Hence ${{\sin }^{-1}}x$ is defined over the domain $\left[ -1,1 \right]$, with codomain $\left[ \dfrac{-\pi }{2},\dfrac{\pi }{2} \right]$ as in the domain $\left[ \dfrac{-\pi }{2},\dfrac{\pi }{2} \right]$, sinx is one-one and ${{R}_{\sin x}}=\left[ -1,1 \right]$.
Now since ${{\sin }^{-1}}x$ is the inverse of sinx it satisfies the fact that if $y={{\sin }^{-1}}x$, then $\sin y=x$.

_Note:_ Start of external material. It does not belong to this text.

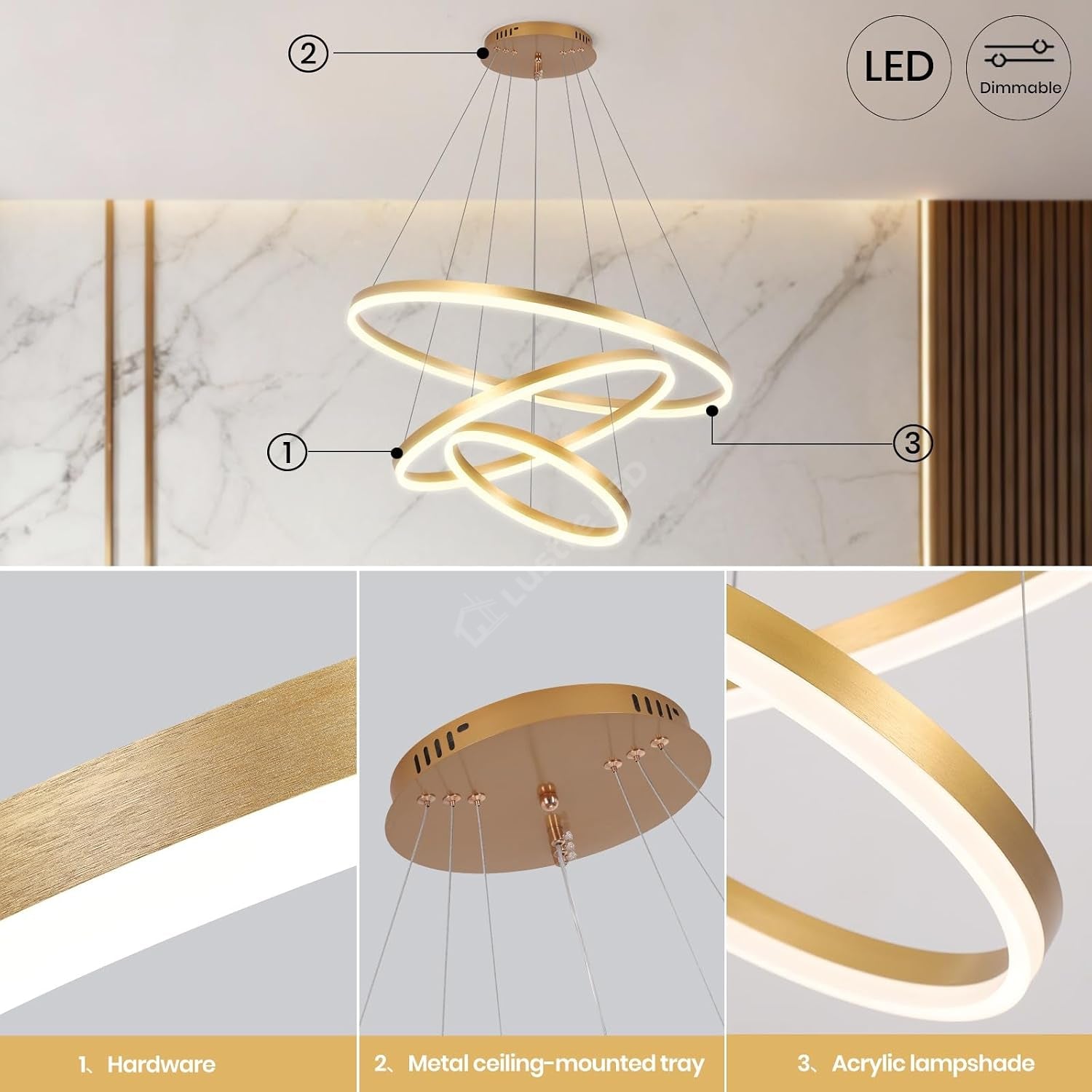 Lustra LED WONDERLAND Gold 3 Segmente XXL 80cm Echivalent 800W Telecomanda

So let $y={{\sin }^{-1}}\left( \dfrac{1}{x} \right)$, $y\in \left[ -\dfrac{\pi }{2},\dfrac{\pi }{2} \right]-\left\{ 0 \right\}$ as $\dfrac{1}{x}\ne 0$
Hence we have $\sin y=\dfrac{1}{x}$
Hence we have $x=\dfrac{1}{\sin y}=\csc y$
Taking ${{\csc }^{-1}}$ on both sides, we get
${{\csc }^{-1}}x={{\csc }^{-1}}\left( \csc y \right)$
Now since $y\in \left[ -\dfrac{\pi }{2},\dfrac{\pi }{2} \right]-\left\{ 0 \right\}$ and we know that if $y\in \left[ -\dfrac{\pi }{2},\dfrac{\pi }{2} \right]-\left\{ 0 \right\}$, then ${{\csc }^{-1}}\left( \csc y \right)=y$ [Valid only in principal branch]
Hence we have
$\begin{align}
  & {{\csc }^{-1}}x=y \\
 & \Rightarrow y={{\csc }^{-1}}y \\
\end{align}$
Reverting to the original variable, we get
${{\sin }^{-1}}\left( \dfrac{1}{x} \right)={{\csc }^{-1}}\left( x \right)$
Since $\dfrac{1}{x}$ is in the domain of ${{\sin }^{-1}}x$, we get
$\dfrac{1}{x}\in \left[ -1,1 \right]\Rightarrow x\in \left( -\infty ,-1 \right]\bigcup \left[ 1,\infty \right)$
Hence we have ${{\sin }^{-1}}\left( \dfrac{1}{x} \right)={{\csc }^{-1}}x,x\in \left( -\infty ,-1 \right]\bigcup \left[ 1,\infty \right)$

Note: [1] The above-specified codomain for ${{\sin }^{-1}}x$ is called principal branch for ${{\sin }^{-1}}x$. We can select any branch as long as $\sin x$ is one-one and onto and Range $=\left[ -1,1 \right]$. Like instead of $\left[ -\dfrac{\pi }{2},\dfrac{\pi }{2} \right]$, we can select the interval $\left[ \dfrac{\pi }{2},\dfrac{3\pi }{2} \right]$. The proof will remain the same as above.